The whole point of these things is that though there might be a political fix, it should not be seen to exist. The effect would be to undermine the credibility of an institution which is meant to be free from political interference. In the shenanigans over the ECB, the politics of the situation was as visible as a 32-tonne truck. It would have been impossible to miss it. Mr Duisenberg then went on to irritate the wound further by described the manner of his appointment as "absurd".

The upshot is that the integrity of the ECB has to some extent already been compromised. To what degree, and whether in the long run it matters very much, are more difficult questions to answer. Much depends on how Mr Duisenberg steers his course. So what sort of a man is he, and what can the markets expect of him?

Certainly, he seems of strongly independent character, unafraid to speak his mind whatever the embarrassment caused. That's got to be positive, as perhaps is his liking for country music, which distinguishes him quite markedly from other grey-suited central bankers. Before MEPs this week, he gave a bravura performance of some daring, insisting, among other things, that the Bank of England's practice of publishing the minutes of its monetary policy committee meetings was wrong. Not for 16 years would that happen with the ECB, he said, since the effect was to encourage market speculation and harden positions within the board.

OK, so transparency is out. If the ECB is to be truly independent, then it has to be so in private, he seemed to be saying. This is probably not such a good sign, demonstrating that Mr Duisenberg does not understand markets as fully as he should. If the markets know nothing about the decision- making process, they will speculate even more actively. Will it be the Italians, Spanish, Germans or perhaps even the Irish who get the upper hand in monetary policy this month? All this will be grist to the speculators' mill. There is a real chance of chaos as politicians trumpet their national interest into this vacuum of knowledge.

Mr Duisenberg is also known as an inflation-busting hawk. Recently he was voted in a poll of analysts the most hawkish central banker in Europe. Judging by his record, we ought to expect a hard-line, ultra-conservative approach to policy. With the pound already decisively off its peak against the mark, financial markets are beginning to anticipate just that. The change in sentiment is tangible.

Even two months ago it was still fashionable to think of sterling as a safe haven from a weak euro. Now it seems that sterling's strength may have been a cyclical thing after all. Further, the euro might be operated as a hard, strong currency, the more so after last weekend's fiasco, since the ECB will have something to prove. So many European leaders are puffing out their chests and talking in terms of the euro rapidly becoming a reserve currency capable of looking the dollar in the face that perhaps we should expect nothing less.

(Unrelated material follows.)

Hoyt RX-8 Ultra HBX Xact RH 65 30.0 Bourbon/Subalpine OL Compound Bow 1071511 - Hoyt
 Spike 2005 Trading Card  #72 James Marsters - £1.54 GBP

These are early days, however, and we shouldn't count on any such outcome. The ECB is not De Nederlandsche Bank, the small and perfectly formed central bank where Mr Duisenberg earned his reputation. Keeping the lid on a potentially unruly 17 member multinational board is a different order of challenge altogether. Certainly, this will not be a board capable of being managed on the basis of agreement between gentlemen.